La communauté des Tournusiens ne connaît pas d’autonomie. L’administration des hommes relève en somme du principe de justice (qui ne se limite pas à l‘arbitrage des conflits portés devant l’abbé) : les habitants étant les hommes du monastère, l’autorité des moines s’immisce dans tous les aspects de leur vie - d’où cette revue des bourgeois rapportée par Falcon au milieu du XIe s., au cours de laquelle l’abbé surveille leur tenue vestimentaire848. Aussi les Tournusiens ne peuvent s’assembler sans l’autorisation de l’abbé. Toute réunion d’ailleurs, a lieu à son appel, à l’intérieur du monastère en général. Et quand les habitants oseront s’attribuer une maison commune, en 1498 seulement, l’abbé les forcera vite à déloger849.
Certes, ils obtiennent peu à peu quelques aménagements (très limités). La charte de 1202 leur reconnaît le droit de porter à l’investiture du doyen la désignation de « gardiens des vignes » placés sous son autorité ; plus tard, on a connaissance de quatre échevins, choisis par l’abbé sur une liste de douze noms que lui présentent les bourgeois. Obligations militaires et montées des tensions font encore apparaître dans la seconde moitié du XIVe s. un « capitaine de ville » (puis un « procureur-syndic » au XVe s.), dont la désignation est encore source de conflit avec l’abbaye850.
Mais l’administration des hommes se fait également par la desserte des paroisses. Or celle-ci est assurée, au XIIe s. encore, par des prêtres désignés par le monastère - c’est clairement confirmé par la Bulle d’Alexandre III en 1179851. Cependant, à la fin du XIIIe s. au plus tard, l’Eglise tente d’imposer des curés indépendants - au grand dam de l’abbé, qui essaie toujours de présenter ses candidats à l’évêque, malgré les prescriptions pontificales852.
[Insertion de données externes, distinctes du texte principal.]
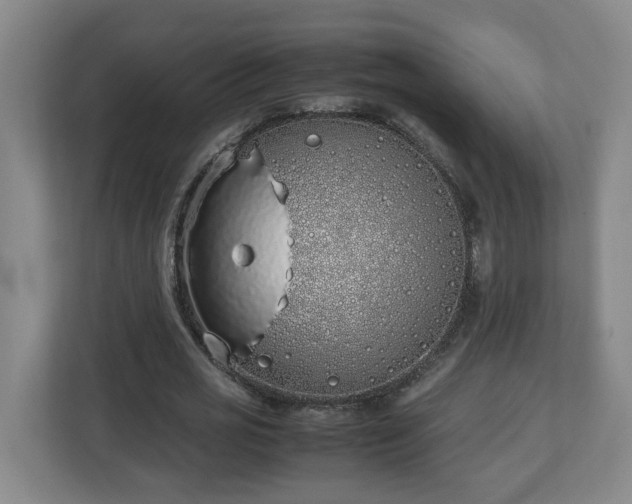 X0000113030725200909031251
Chronique de FALCON, chap. 47, à propos de l’abbé Guillaume, successeur de Ardain (JUENIN, Preuves , p. 27 ; POUPARDIN, 1905, p. 103) : « Hic sibi burgensibus cum suis saepe praesentatis uxoribus, si quempiam vestibus vidisset incultum, primum eum inertiae acriter redargutum, deinde nisi cum pretioso ante se venire ulterius prohibebat ornatu : eademque de uxoribus praecipiebat » (« Quand des bourgeois lui étaient présentés avec leurs femmes, s’il en voyait un qui était négligé dans son habillement, il commençait par critiquer sévèrement son laisser-aller, puis il lui interdisait de se présenter devant lui, si ce n’était paré de précieux atours; s’agissant des femmes, il avait la même exigence »).
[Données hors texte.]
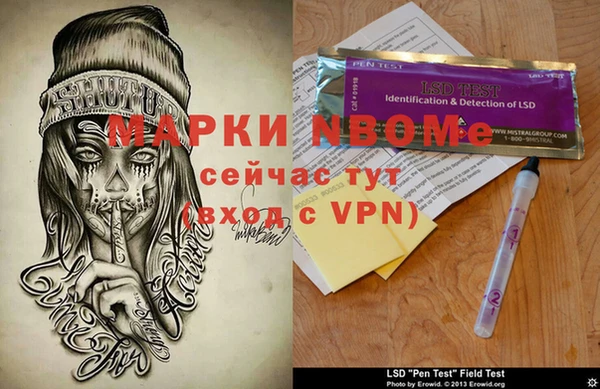 индика Аркадак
BERNARD 1912, p. 39, et BERNARD 1921, p. 112. Il n’est pas sûr que le lieu de réunion des habitants ait été toujours le même : au XVIIe s. encore, l’Auditoire de Justice ou le Logis abbatial apparaissent comme lieu d’usage à l’intérieur de l’enclos monastique ; mais on cite aussi , en ville, la maison du juge ou celle d’anciens bourgeois. La condition est que la présidence revienne toujours à un officier de l’abbé, et ce, non sans la permission de l’abbé ou de son grand-vicaire. Cf. bibl. Tour. : ms. CHANUET, repris par MARTIN 1900, p. 277, BERNARD 1912, p. 39, et BERNARD 1921, p. 110.
MACHOUD 1657, p. 26-29 ; bibl. Tour : ms CHANUET ; MEULIEN 1892, p. 15-16 ; BRACCONI 1977, p. 63-64.
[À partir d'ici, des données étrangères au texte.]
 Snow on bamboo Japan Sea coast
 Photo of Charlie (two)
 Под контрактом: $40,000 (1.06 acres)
JUENIN, Preuves , p. 176 : « In parrochialibus vero Ecclesiis quas tenetis, liceat vobis Sacerdotes eligere, et electos Episcopo rapraesentare ; quibus, si idonei inventi fuerint, Episcopus animarum curam committat » (« En vérité, dans les églises paroissiales que vous possédez, qu’il vous soit permis de désigner des prêtres, et de présenter les élus à l’évêque ; et que l’évêque, s’il trouve qu’ils conviennent, leur confie la cure des âmes »).
En 1297, on voit l’abbé présenter pour la cure de l’église Sainte-Marie du Chastel un de ses moines à l’évêque de Chalon : celui-ci le refuse, et nomme à sa place un curé de plein exercice « prout in litteris Apostolicis ex parte dicti Presbyteri impetratis plenius continetur : quibus litteris obedire volumus » (« dans la mesure où les lettres Apostoliques précisent à propos dudit prêtre, que celui-ci doit donner pleine satisfaction : c’est à ces lettres que nous voulons obéïr ») (JUENIN, Preuves , p. 228).